Are you living in a hillside cottage with a large yard or do you have an apartment with a home in Tahoe? Do you pick a new country to visit with your children every year? Do you want to settle into a community where you will root for the next 20+ years? Do your children walk to the locale public school or will they be attending a private school?

The vision you create for your family trickles down to the types of investments you make also called an investment vehicle (such as stocks, bonds, mutual funds). Before you can decide into which vehicle you will invest, you need to know for what you want the money.

YOUR MONEY PERSONALITY:

A fascinating area of financial planning is how people relate with money. This alone can fill pages upon pages of articles and keep me reading for weeks (I am endlessly intrigued by this topic). At the very fundamental level, you have to know what is commonly talked about in the financial planning world as your “risk tolerance.” I find that concept hard to grasp, so with my clients I like to hear more about what keeps them up at night. What makes them anxious?
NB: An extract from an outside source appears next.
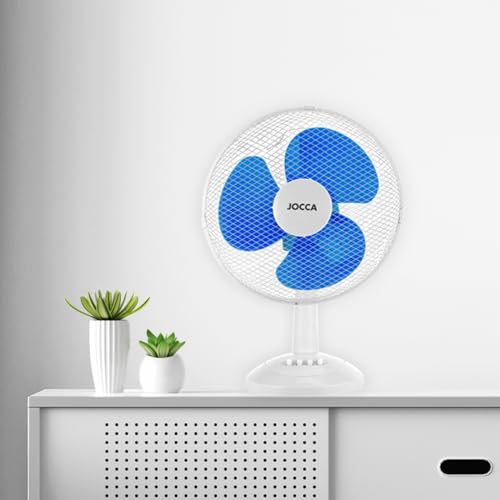 Jocca - Tischventilator 30 cm Durchmesser/Leistung 45 W / 3 Geschwindigkeiten / 3 Flügel/Oszillationssystem, neigbarer Kopf (Blau)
Is it any negative movement in a 401k or is it not having enough money in cash in a savings account? Do they ride out the drops like the one on Sept 29th with grace and ease saying “it’ll come back” or “this is expected” or do they run for the bank and hide their money in their mattress? Everyone is different and understanding your level of anxiety with investment fluctuations is an imperative input factor to deciding how to invest.

YOUR FINANCIAL GOALS:

Taking your vision and translating it into financial goals is where I find the financial planning process helps the couples with whom I work the most. This makes the softer airy vision a dollars and cents reality. Smart investing requires that you know:

The amount the goal will cost
The Time horizon over which you are investing (that is, when do you need the money)?
The amount of money you are starting with for the goal
The amount you are contributing along the way

All of these factors will let you know what the return you need for your money will be. To say that another way, it will tell you how much you have to make each year on the investment to reach the goal. And different investment vehicles offer different possibilities for returns. Holding investments in cash will probably stay within a few % points, while stocks can jump all over the chart — in both directions. To get higher returns, you also will take on higher risk. The return you need combined with your personal tolerance for fluctuations will determine the investment vehicle.

For example:
If you already have $100,000 that you want to put toward a home down payment in one year, you only need a very conservative investment vehicle. Keeping that cash in a money market account would give you the best assurance that your money will be there when you want it.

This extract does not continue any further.